The patient was quite concerned about her inability to close her eyelid, despite our explanation that we felt the most likely cause of the dysfunction was from a local anesthetic effect and reassurance that this symptom would resolve quickly. Since we used lidocaine in the area of the superficial branches of the facial nerve, we expected improvement within 1 hour. The patient remained for observation after the procedure and reported improvement of her symptoms beginning 20 minutes later, with complete resolution approximately 40 minutes after the procedure was completed. She was then discharged home and scheduled for a follow-up appointment to evaluate the efficacy of the repeat injection.
The most likely explanation for the complication described in this case is the effect of lidocaine on the zygomatic motor branches of the facial nerve. The muscles that control the eyelid are innervated by branches of the oculomotor (CN III) or facial (CN VII) nerves. The oculomotor nerve innervates the levator palpebrae superioris muscle, which functions to open the eyelid. A deficit in this nerve would result in ptosis. The orbicularis oculi muscle is innervated by the zygomatic and frontal branches of the facial nerve and functions to close the eyelid. There are numerous zygomatic branches of the facial nerve, which cross superficially to the zygomatic bone to innervate the orbicularis oculi muscle.2 As illustrated in Figure 1B,3 these zygomatic motor branches are relatively superficial. Blockade of these branches can result in the inability to close the eye. Other complications associated with attempted maxillary nerve blockade, including those caused by nerve injection or needle misplacement, are noted in Table 1.4–6
The resolution of symptoms within 45 minutes is consistent with the characteristics of lidocaine, as opposed to that of bupivacaine. Furthermore, lidocaine was the only anesthetic administered subcutaneously in proximity to the zygomatic arch. The volume of lidocaine used for the repeat procedure was larger than the amount used for the patient’s previous injection. The increased volume likely contributed to the subcutaneous spread of lidocaine over the zygomatic branches of the facial nerve.
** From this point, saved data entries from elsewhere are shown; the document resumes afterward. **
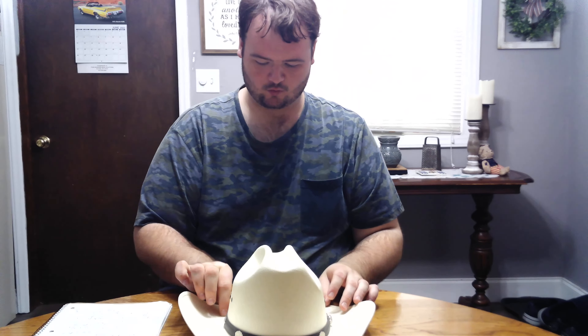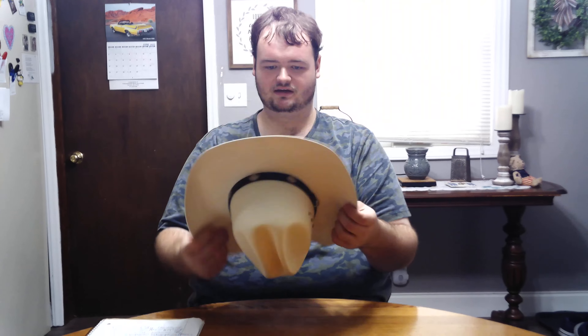I picked it up over at the Poor Farmer Girls Market over in Madison Dam, Virginia. Saw it, and I'm like, I don't have a straw hat like this, so I picked it up.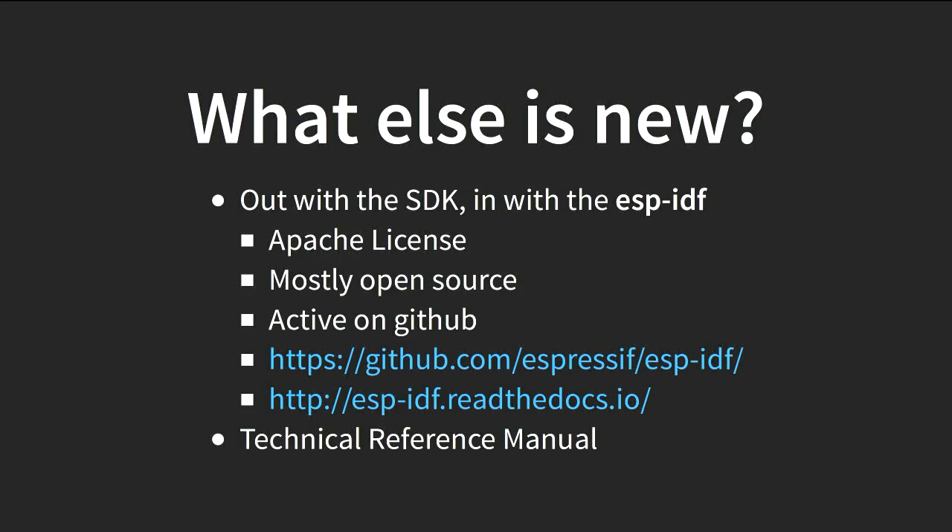That was a real whirlwind tour of the hardware side, but there's quite a lot new on the software side too. The old ESP8266 had two SDKs: a non-OS SDK where you wrote your program like Arduino and used callbacks for networking, and a real-time OS SDK with multiple tasks. Built on top of those were other ways to program it like Arduino. The new chip uses a real-time operating system by default because it already has dual cores and concurrency. We've named it ESP-IDF — the IoT Development Framework.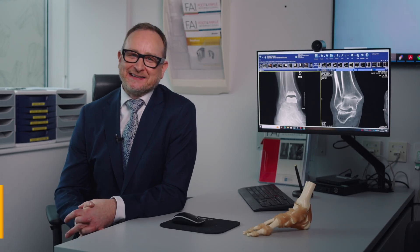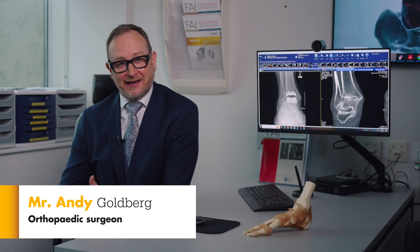My name is Andy Goldberg and I'm an orthopedic consultant in London and I treat both adults and children.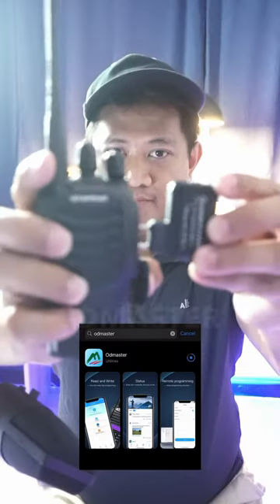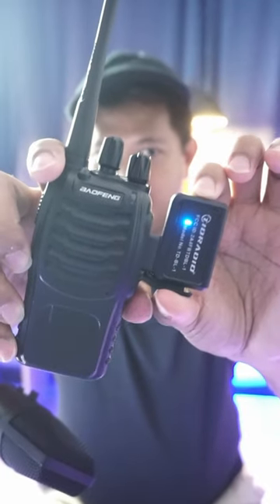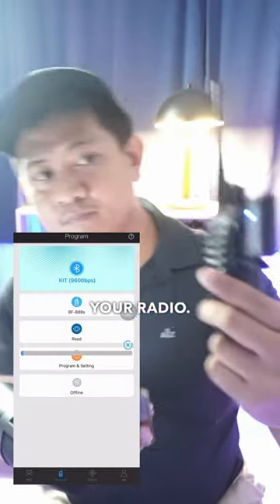First, download the app, Odd Master, plug in the Bluetooth programmer to your radio, turn it on, go to the app, and activate the Bluetooth. Then, select the model of your radio.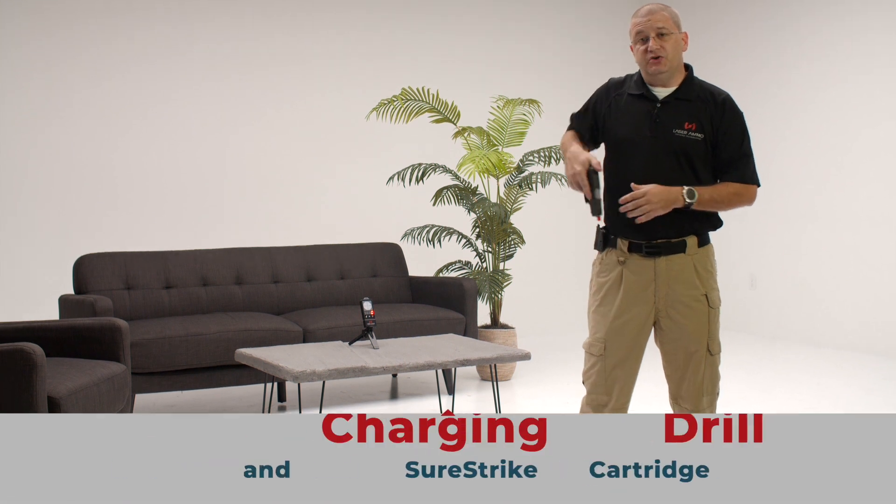Hi, I'm Colin with Laser Ammo. Today I'm going to show you the charging drill. We're going to utilize a Laser Pet 2 and a firearm with a Sure Strike cartridge in it.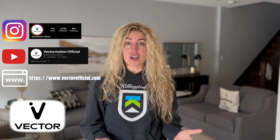Hey everyone, welcome to my channel. For those of you who don't know me, my name's Chelsea. For those of you who do, welcome back. Today's going to be a little different than my regular snowboarding content because Vector Motion Official has sent me a bag of gear to try out and review for you guys.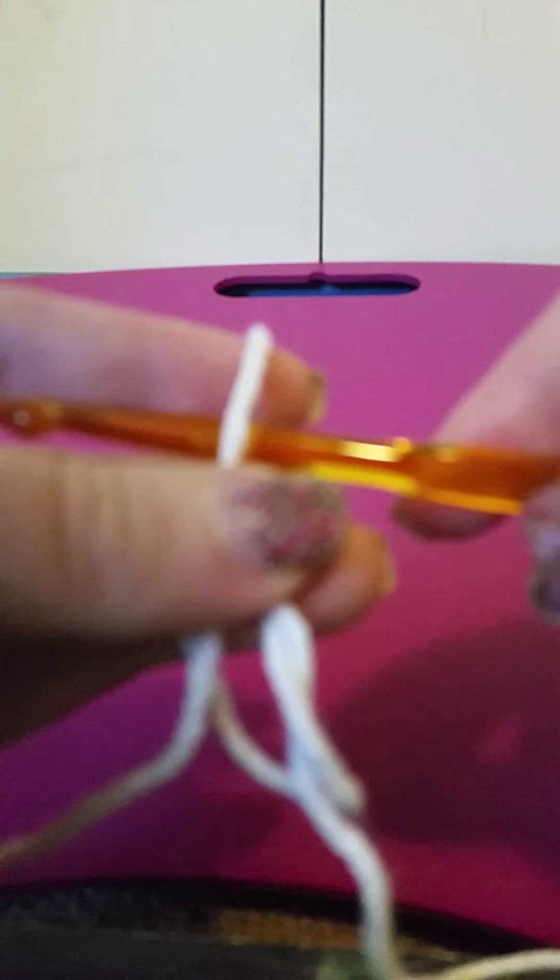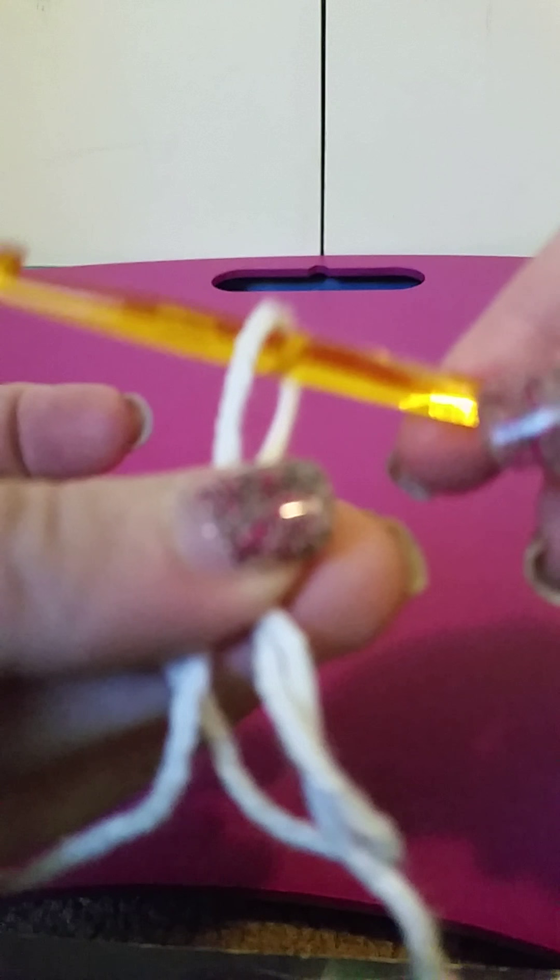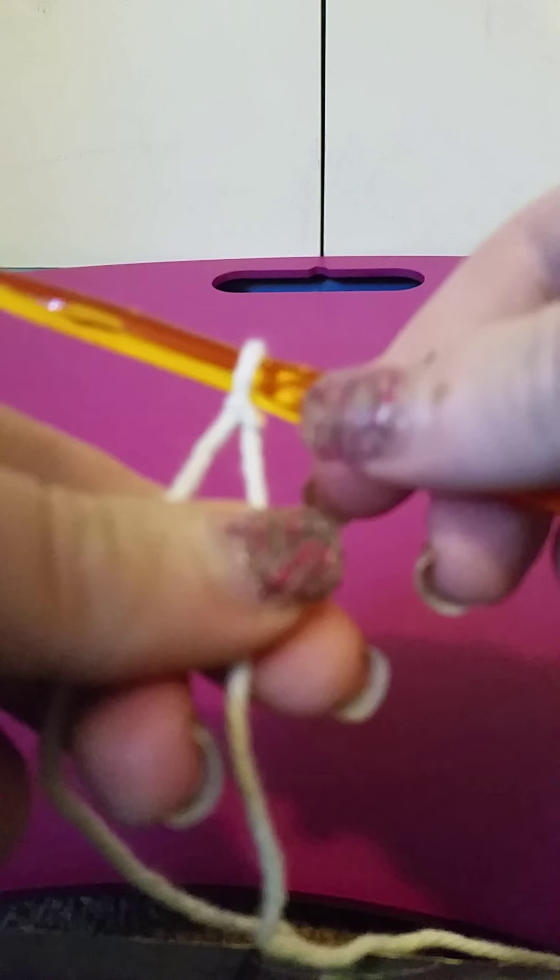Then let go of what you were holding before, put your crochet hook into that loop that's on your pointer finger, grab the tail of the yarn and the working yarn, and pull. Make sure it's pretty tight on there — you don't want it too tight so you can't move it, just tight enough so that it's secure. And there you have a slipknot.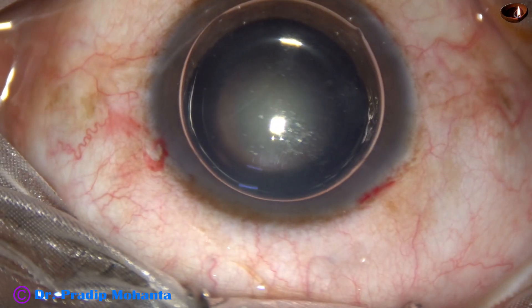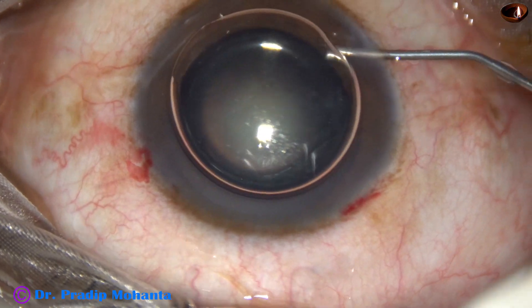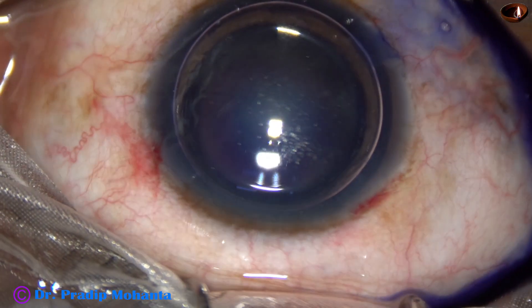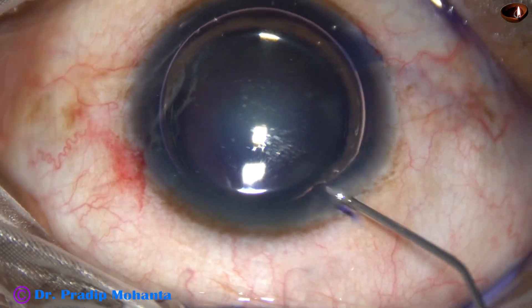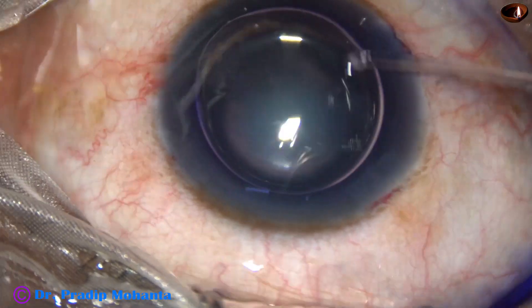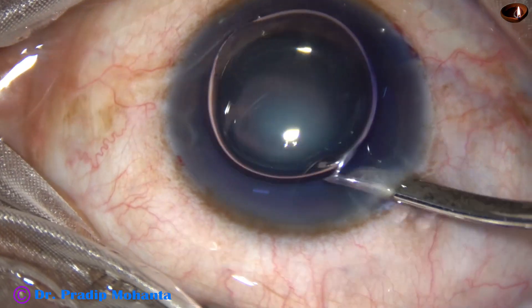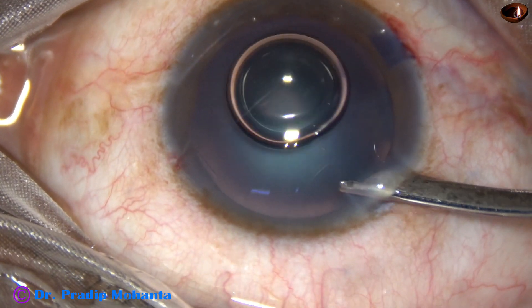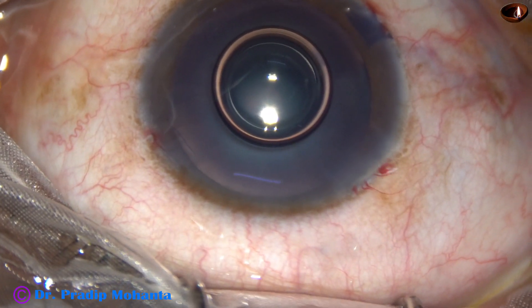The anterior capsule is stained with trypan blue dye. It is applied underneath an air bubble. This is a bit of adrenalin to keep the pupil dilated during surgery. The dye is washed out, and we see that the capsule has been stained nicely.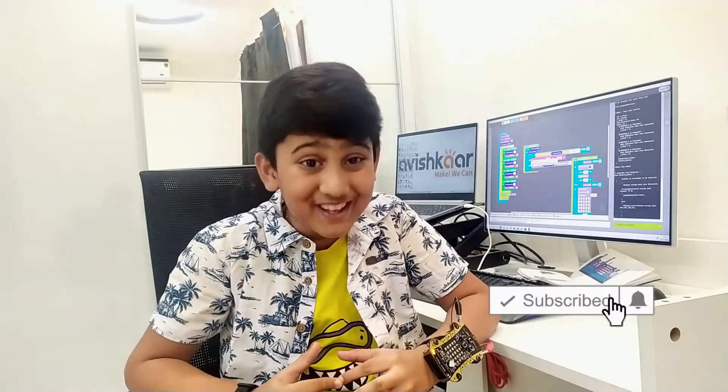Similarly, we can add many other features such as getting an SOS call if you need help, or checking the time on the smartwatch. That's all for today. Hope you liked the video — subscribe to my channel and hit the bell icon for more awesome updates. See you soon, bye bye!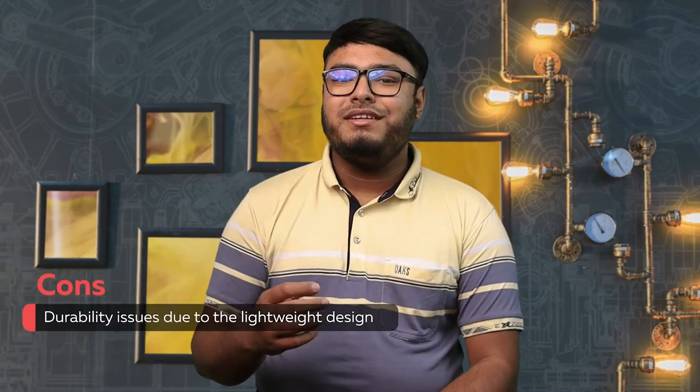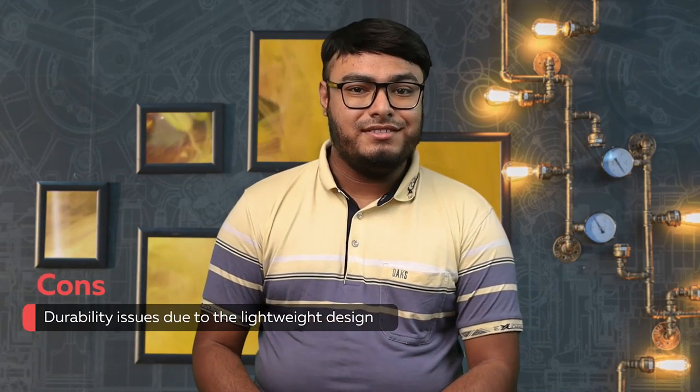Pros: bold and stylish design, impressive rubber outsole provides excellent grip. Cons: durability issues due to the lightweight design.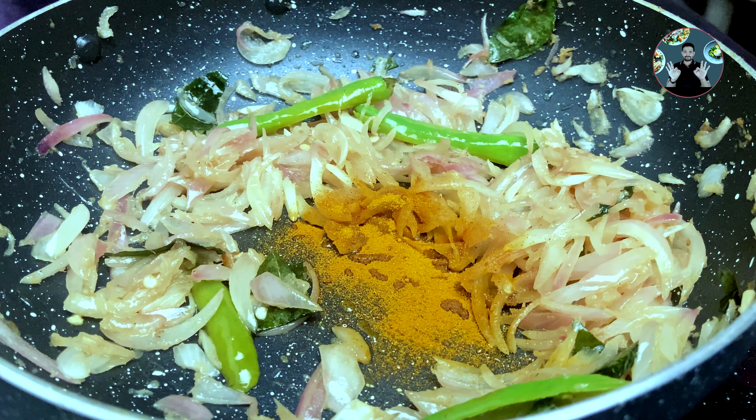Now add the fried chicken pieces. Also add 2 cups of water to get a semi gravy chicken curry. Mix it well. When it starts boiling, change the flame to low. Close the lid and cook for 20 minutes, opening to give a stir every 5 minutes.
The use of 0.5% lidocaine for procedural anesthesia is a standard in our clinical practice and provides adequate analgesia for needle placement but does not typically result in motor nerve dysfunction when used in small doses. It is likely that this complication may have been avoided had a smaller volume of local anesthetic been used for skin infiltration.
Practitioners of selective maxillary nerve blockade should be aware of the proximity of superficial motor branches of CN VII to the point of needle entry. Patients should be informed of the potential complication of temporary paralysis of the eyelid so that anxiety over this event can be minimized, should it occur. If the complication occurs, patients should be advised and reassured that the duration of effect will likely be short term, based on the local anesthetic that was used. Treatment with artificial tears to the cornea to supplement the tear film should be recommended until the paralysis resolves, and the patient is able to close the eyelid. If the condition does not resolve quickly, the eye may be patched closed to protect the cornea. To avoid this complication when performing maxillary nerve blocks, it may be prudent to use a more concentrated, smaller volume of local anesthetic for skin infiltration so that there is less probability of inadvertent paralysis of the facial nerve branches.